I hope your Thanksgiving week was a blessed time with family and truly a time of giving thanks to God for His goodness and kindness to you. As we come off Thanksgiving Break and head into Christmas, I am very grateful for our families. I was reminded about the quality and influence of our parents at the November 17 open house (which, by the way, went extremely well). Several visiting parents commented that they knew so and so, parents at Veritas, and stated very explicitly that the reason they were visiting was because of what they saw in our parents and families. “If she sends her children to Veritas, then Veritas must be an excellent school.” And, “The ‘fill in the blank’ family is involved here, so we thought we ought to check it out. They have amazing children.” No marketing can match the power of parents’ lives and testimony in the community.
Two quick anecdotes related to parents for you –one a bit humorous and one encouraging. First, recently the third-grade teacher wrote on a student’s communication sheet, “excellent participation today,” and dad wrote back, “She takes after me.” The next day it was noted on the sheet that the girl received a check for talking out (she like to chat in class) and the father responded, “she takes after her mother.” Chuckles aside, apples do fall in the shade. Veritas has outstanding students because God grace is evident in their homes.

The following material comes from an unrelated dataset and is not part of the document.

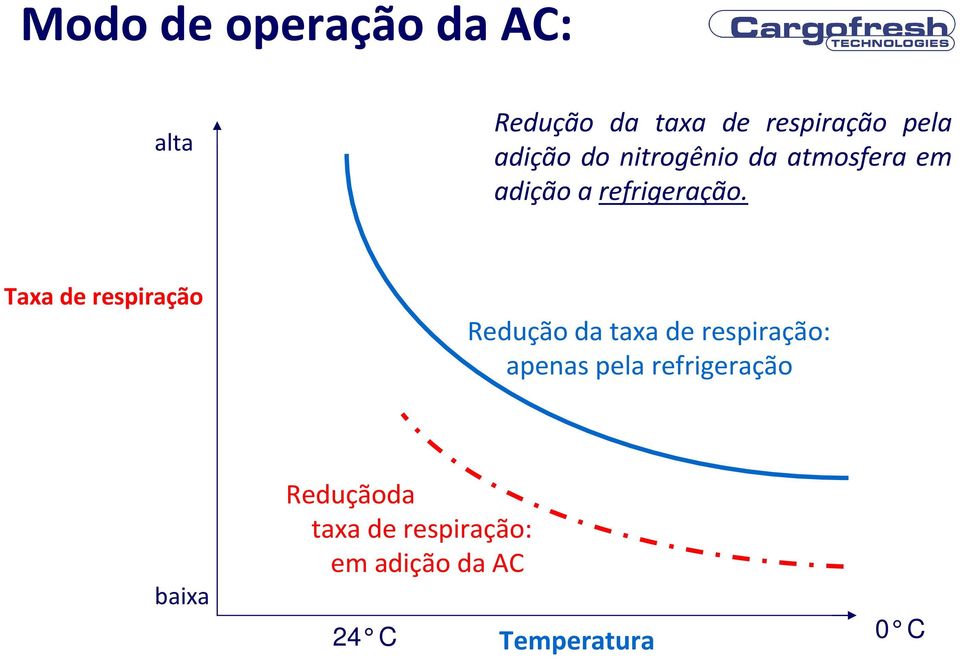 Taxa de respiração Redução da taxa de respiração: apenas pela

The second anecdote is personal –from my own home. I offer this as an encouragement to you, especially if your children are still very young, to be faithful and stay the course –and do not ever think the things you say and do in your home don’t influence your children. My son, Samuel, a Veritas senior, recently wrote a couple of 2-3 page essays in response to typical, open-ended scholarship application questions. Eventually, your child must write these essays too. His questions were something like, “Describe the influences in your life that made you who you are today.” and “Describe a problem in our society and explain what you would do to fix it.” He asked me to proofread his essays before he sent them in. I read them and had one of those tearful, fist-pumping, overwhelmed with gratitude, moments as a father, saying, “Yes! Thank you, God! All those dinner time conversations for the past seventeen years paid off. My son was listening and believes what he’s heard about faith, worship, God’s Word, family, church, education, responsibility as a young man, and reading books.” It hit me like a glorious punch in the nose. I went to Donna, waving the essay pages, and said, “All those years, he was listening and he gets it.” God, by His grace, works in our homes and shapes our children though our homes. God even uses flawed, fumbling, and frail fathers like me. Psalm 78:5-7 in true! Stay the course. Be faithful. When you sin and mess up –repent, confess, move on, and trust God for the next day. Continue plodding ahead in faithfulness, day after day. Take the long view. God will bring the good fruit in due season.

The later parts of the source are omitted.